The Americans who went to Korea accounted for 90 percent of all foreign troops in the war; more than 36,500 of them died, along with over a million of the native population in Korea.

That war — which is still technically underway, as only a temporary armistice has ever been signed — formed the basis of an ongoing relationship between the United States and the Republic of Korea, comprising both a formal alliance for defense, security and trade and a friendship based on the shared values of freedom, democracy, family, human rights and the dream of a lasting peace on the Korean peninsula.

But the armistice, which was adopted in 1953, did more than end hostilities and start a new chapter in the Korean-American diplomatic relationship: Korean migration to the U.S. entered a new chapter, as well.

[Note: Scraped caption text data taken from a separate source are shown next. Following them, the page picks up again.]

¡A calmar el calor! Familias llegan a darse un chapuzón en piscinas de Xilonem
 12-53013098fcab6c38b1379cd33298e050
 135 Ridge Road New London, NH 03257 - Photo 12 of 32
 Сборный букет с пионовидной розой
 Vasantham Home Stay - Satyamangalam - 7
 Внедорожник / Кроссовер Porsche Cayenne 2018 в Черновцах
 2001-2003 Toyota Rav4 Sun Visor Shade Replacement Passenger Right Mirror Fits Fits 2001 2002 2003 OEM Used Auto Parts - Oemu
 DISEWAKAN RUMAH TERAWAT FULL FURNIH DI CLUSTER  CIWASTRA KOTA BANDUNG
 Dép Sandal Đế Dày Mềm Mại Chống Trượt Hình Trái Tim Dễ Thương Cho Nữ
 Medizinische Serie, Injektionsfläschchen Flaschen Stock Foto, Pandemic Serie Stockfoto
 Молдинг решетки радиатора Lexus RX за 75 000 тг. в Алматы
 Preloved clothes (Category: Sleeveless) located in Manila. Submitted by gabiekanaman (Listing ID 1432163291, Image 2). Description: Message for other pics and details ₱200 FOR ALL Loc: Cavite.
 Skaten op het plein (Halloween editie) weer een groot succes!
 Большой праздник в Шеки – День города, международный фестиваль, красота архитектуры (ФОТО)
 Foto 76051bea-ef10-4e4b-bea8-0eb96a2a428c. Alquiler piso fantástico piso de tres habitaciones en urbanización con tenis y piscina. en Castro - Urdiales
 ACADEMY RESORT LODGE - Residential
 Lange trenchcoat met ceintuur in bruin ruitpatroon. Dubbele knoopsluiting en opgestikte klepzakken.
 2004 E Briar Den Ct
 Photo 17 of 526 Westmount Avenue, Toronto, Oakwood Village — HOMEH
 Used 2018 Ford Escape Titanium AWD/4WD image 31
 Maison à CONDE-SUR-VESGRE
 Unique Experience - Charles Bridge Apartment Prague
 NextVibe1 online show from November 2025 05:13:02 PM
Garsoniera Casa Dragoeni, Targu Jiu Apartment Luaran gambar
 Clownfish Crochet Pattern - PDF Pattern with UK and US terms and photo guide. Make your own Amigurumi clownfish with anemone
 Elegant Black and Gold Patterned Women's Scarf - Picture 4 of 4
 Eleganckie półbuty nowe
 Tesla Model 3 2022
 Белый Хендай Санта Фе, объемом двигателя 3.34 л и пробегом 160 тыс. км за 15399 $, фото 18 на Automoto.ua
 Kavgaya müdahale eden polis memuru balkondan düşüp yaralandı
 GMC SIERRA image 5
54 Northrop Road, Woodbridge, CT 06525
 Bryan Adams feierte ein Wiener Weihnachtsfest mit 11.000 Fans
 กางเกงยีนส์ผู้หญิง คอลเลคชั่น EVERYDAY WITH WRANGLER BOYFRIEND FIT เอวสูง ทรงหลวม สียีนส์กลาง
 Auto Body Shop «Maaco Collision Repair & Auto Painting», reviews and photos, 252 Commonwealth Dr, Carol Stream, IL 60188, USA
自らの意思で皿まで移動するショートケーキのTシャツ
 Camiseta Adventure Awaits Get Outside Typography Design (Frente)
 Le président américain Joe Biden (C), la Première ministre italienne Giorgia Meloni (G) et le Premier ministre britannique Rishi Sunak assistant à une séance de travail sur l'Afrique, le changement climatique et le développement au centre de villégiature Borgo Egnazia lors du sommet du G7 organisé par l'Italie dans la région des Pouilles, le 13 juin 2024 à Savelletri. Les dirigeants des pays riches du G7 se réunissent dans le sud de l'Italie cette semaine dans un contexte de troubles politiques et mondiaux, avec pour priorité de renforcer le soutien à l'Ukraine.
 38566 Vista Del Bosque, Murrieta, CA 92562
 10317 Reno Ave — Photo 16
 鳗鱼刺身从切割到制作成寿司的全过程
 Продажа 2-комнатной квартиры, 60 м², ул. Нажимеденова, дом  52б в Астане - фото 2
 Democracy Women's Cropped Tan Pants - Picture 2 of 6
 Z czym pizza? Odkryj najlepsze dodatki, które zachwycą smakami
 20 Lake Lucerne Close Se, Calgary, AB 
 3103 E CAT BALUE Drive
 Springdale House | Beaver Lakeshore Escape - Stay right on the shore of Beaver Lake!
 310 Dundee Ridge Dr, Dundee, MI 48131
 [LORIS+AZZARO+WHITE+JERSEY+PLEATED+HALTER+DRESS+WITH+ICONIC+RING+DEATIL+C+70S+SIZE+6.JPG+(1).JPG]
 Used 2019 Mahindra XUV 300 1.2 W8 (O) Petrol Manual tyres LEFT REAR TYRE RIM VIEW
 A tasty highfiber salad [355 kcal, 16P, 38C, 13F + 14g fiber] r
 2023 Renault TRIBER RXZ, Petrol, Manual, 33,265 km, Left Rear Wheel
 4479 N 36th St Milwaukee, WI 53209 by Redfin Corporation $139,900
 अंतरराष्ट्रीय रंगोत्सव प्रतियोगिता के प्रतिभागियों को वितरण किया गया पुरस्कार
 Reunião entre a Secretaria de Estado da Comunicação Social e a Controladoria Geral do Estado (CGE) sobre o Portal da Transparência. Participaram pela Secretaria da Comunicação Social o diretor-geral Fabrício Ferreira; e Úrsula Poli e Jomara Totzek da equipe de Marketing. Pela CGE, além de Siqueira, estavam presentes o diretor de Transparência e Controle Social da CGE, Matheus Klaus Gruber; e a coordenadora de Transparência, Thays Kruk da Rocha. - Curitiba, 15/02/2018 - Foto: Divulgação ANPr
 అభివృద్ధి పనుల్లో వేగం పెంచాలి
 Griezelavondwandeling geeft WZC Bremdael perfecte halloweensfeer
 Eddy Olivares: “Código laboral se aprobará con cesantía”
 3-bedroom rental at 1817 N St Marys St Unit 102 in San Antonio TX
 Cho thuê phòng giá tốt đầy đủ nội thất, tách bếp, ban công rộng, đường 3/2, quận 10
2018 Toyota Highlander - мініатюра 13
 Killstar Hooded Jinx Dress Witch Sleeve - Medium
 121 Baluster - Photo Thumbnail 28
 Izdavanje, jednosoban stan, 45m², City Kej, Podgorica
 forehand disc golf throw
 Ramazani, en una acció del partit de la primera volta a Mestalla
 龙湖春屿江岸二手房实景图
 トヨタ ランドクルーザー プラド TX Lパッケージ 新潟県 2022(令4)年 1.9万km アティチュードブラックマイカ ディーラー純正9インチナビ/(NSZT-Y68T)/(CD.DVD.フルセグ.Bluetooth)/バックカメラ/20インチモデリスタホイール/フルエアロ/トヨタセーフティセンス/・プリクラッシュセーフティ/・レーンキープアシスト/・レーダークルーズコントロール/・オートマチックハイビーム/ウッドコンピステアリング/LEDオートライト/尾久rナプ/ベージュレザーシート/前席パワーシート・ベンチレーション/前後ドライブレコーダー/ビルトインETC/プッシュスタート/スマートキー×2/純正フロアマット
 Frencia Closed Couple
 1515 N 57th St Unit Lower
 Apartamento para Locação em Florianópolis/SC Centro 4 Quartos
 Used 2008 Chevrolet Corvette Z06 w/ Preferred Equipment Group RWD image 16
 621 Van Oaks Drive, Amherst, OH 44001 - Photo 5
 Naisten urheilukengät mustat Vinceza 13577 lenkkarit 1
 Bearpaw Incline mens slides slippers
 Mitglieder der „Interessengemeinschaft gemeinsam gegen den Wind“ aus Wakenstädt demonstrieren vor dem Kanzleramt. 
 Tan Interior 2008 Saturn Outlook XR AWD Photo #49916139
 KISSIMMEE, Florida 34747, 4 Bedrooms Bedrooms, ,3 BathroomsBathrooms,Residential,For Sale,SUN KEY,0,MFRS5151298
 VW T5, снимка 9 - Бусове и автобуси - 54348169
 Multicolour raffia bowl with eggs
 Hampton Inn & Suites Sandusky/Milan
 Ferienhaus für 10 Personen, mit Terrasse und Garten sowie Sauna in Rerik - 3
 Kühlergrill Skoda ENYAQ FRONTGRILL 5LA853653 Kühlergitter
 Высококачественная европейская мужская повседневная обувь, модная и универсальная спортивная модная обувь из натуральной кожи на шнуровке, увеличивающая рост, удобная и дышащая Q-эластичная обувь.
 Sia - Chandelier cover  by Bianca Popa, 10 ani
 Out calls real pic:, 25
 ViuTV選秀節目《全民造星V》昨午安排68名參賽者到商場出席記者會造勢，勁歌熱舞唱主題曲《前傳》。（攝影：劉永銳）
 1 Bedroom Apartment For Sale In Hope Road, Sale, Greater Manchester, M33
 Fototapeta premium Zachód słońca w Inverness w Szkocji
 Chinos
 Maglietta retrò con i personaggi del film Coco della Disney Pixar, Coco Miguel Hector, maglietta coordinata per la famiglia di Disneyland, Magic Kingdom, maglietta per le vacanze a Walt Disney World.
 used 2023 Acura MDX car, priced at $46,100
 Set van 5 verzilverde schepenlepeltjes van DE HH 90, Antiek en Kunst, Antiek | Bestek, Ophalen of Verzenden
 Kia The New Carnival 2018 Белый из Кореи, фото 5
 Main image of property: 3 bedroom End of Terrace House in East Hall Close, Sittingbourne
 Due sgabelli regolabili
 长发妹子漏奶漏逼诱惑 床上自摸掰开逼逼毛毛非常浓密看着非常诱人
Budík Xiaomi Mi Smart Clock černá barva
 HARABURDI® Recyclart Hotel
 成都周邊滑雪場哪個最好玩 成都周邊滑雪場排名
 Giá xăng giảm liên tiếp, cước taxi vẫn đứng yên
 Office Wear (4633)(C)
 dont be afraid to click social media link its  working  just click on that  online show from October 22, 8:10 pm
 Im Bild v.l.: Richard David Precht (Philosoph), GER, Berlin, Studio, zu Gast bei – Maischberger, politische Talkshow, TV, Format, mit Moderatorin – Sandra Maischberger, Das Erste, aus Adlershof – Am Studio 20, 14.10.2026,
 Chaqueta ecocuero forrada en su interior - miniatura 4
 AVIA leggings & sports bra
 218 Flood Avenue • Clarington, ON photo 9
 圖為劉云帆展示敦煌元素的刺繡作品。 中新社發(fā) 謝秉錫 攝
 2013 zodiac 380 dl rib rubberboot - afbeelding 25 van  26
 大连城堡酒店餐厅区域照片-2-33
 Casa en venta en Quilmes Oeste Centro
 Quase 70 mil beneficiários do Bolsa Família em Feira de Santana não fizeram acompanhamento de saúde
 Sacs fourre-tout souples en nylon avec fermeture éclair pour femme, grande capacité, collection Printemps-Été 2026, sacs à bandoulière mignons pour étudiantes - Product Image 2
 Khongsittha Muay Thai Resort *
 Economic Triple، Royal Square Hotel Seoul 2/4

The end of the active stage of the war helped spur a new wave of Korean migration to the United States, first through the mass adoptions of children — which began, but did not end, with those born during the war. An estimated 112,000 Korean-born children had been adopted by American families by 2017. However, despite living in the United States as part of American families for decades, at least 20,000 of them never got U.S. citizenship because of legislative loopholes and personal ambiguities.

In 2000, as part of an effort to streamline the lengthy and costly international adoption process, Congress passed the Child Citizenship Act to grant automatic and retroactive citizenship to those born overseas and adopted as children. However, it limited those who would qualify to people under age 18 at the time of its enactment. As a result, as many as 49,000 people adopted from Korea (and a dozen other countries) from 1945 to 1998 still lack citizenship.

The Adoptee Citizenship Act would correct this problem by providing automatic citizenship to foreign-born children lawfully adopted by American families who turned 18 years old before the effective date of the Child Citizenship Act. With 69 co-sponsors — both Democrats and Republicans in the House and the Senate — and our collective recognition of the 70th anniversary of the Korean War, this bipartisan bill may finally have the momentum it needs to pass Congress and make its way to President Donald Trump’s desk for his signature.

The second new phase of Korean migration to the U.S. came after the Immigration and Nationality Act of 1965, which eliminated nation-based quotas and helped facilitate greater family-based migration. That has led to a thriving Korean-American community of nearly 2 million people today — one of the largest such communities is in the heart of Los Angeles.

That growth, however, has also meant that the lasting pains of the Korean War reach further than many people understand.

As people immigrated from the Republic of Korea to the United States over the past 70 years, many of them left behind family members north of that infamous 38th parallel, which still marks the border in a divided Korea. Today, roughly 100,000 Americans of Korean descent have no formal mechanism to reach their remaining family members in North Korea, and they have been excluded in over 20 rounds of family reunions between North and South Korea.

In March, the House without opposition passed the Divided Families Reunification Act, which would direct the State Department to take necessary diplomatic steps to address this humanitarian tragedy. The bill is still awaiting passage in the Senate, where members of both sides of the aisle have introduced a companion bill.

Thus, as we remember the 70th anniversary of the start of the Korean War, we must also remember to address the remaining humanitarian issues, shared values and common threats faced by the United States and the Republic of Korea. Several loose ends are yet to be tied that continue to inflict pain and trauma on millions of Koreans and Korean Americans — not least of which is a formal end to a seven-decade war. We can and should pay our respects to all those who served in the Korean War and those who lost their lives because of it, but we must also honor them and their families by making sure that we keep families here together and reunite those who have been parted for far too long.